Publié dans Vie de maman en construction

Ces clients que je n’oublierai pas…

Nous voilà partis pour un article qui sort totalement de mes thèmes habituels. J’ai envie de l’écrire avant d’oublier pourquoi ces gens sont si particuliers pour moi au quotidien et pourquoi ils m’aident à tenir la distance. Un pavé qui parlera surement à peu de monde mais qui me permettra de me souvenir de ce qui fait qu’ils sortent du lot.

Je ne vais pas me répéter trop mais pour la piqûre de rappel (surtout que vous êtes de nombreux nouveaux depuis février) je suis journaliste de formation mais actuellement vendeuse en épicerie fine.
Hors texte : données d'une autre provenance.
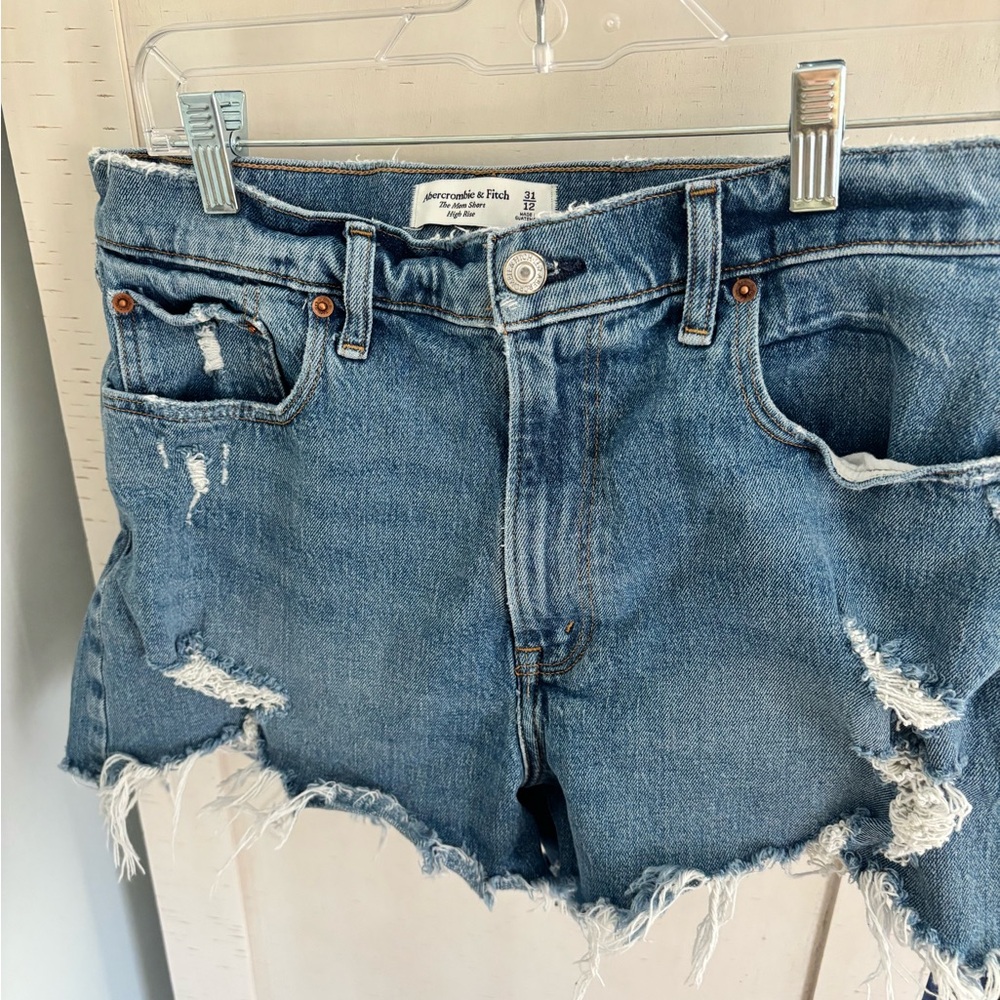 Abercrombie & Fitch curve love mom Distressed Denim Shorts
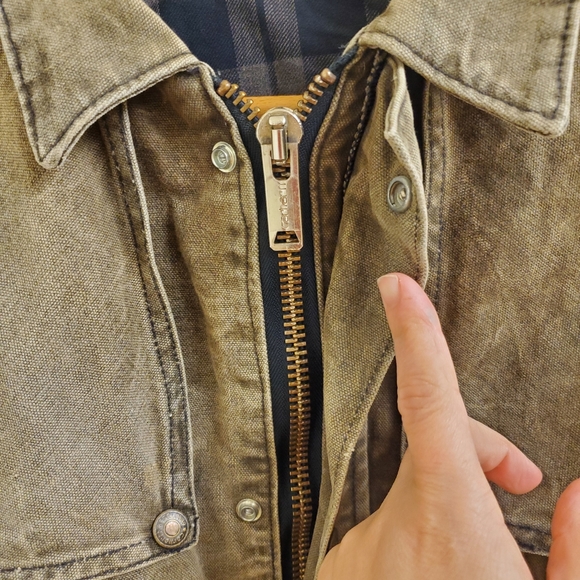 🤩Vintage carhartt flannel fleece lined canvas jacket size mens large - Picture 6 of 7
Un job alimentaire, et encore vu ce que ça me rapporte. En gros en tant que journaliste je devais inévitablement avoir des horaires bien plus délicates pour fiston, et pas un assez gros salaire pour compenser avec une nounou qui aurait été plus flexible sur les horaires. Donc il a fallu faire un choix que j’explique ici pour qui ça intéresse. Et surtout j’avais la bougeotte, ce que j’ai regretté après mais ça c’est une autre histoire…

Toujours est-il que si je me suis découvert un don assez naturel pour la vente et le contact client (j’ai souvent du mal à parler de mes qualités mais là il faut dire ce qui est, au bout d’un moment j’ai eu assez de remontée pour pouvoir me vanter un peu), ce n’est quand même pas mon domaine de prédilection. Je ne m’éclate donc pas au quotidien et la lassitude se fait sentir. Mais, au milieu de ces jours sans fin, il y a ces personnes, ces relations que je n’aurais jamais imaginé nouer avec un simple boulot comme ça.

Mon petit papy

Je l’appelle comme ça parce que je ne connais pas son nom. Je me souviendrais toujours, il est venu la première fois il y a 1 an. Sec, froid, autoritaire et ne sachant pas se décider. Je n’avais qu’une hâte, qu’il parte…mais je l’ai évidemment conseillé comme il se doit et souris chaleureusement. Il est reparti avec ses produits en me notifiant clairement que si ce que je lui avait vendu ne lui convenait pas il ne reviendrait pas. Je me suis dis et ben bon débarras. Sauf qu’il est revenu. Tout sourire. Me félicitant pour la manière dont j’avais capté ses goûts. Alors il m’a redemandé une sélection, sans goûter, juste en me faisant confiance. Puis il a fini par venir juste me dire bonjour, puis acheter pour toute sa famille.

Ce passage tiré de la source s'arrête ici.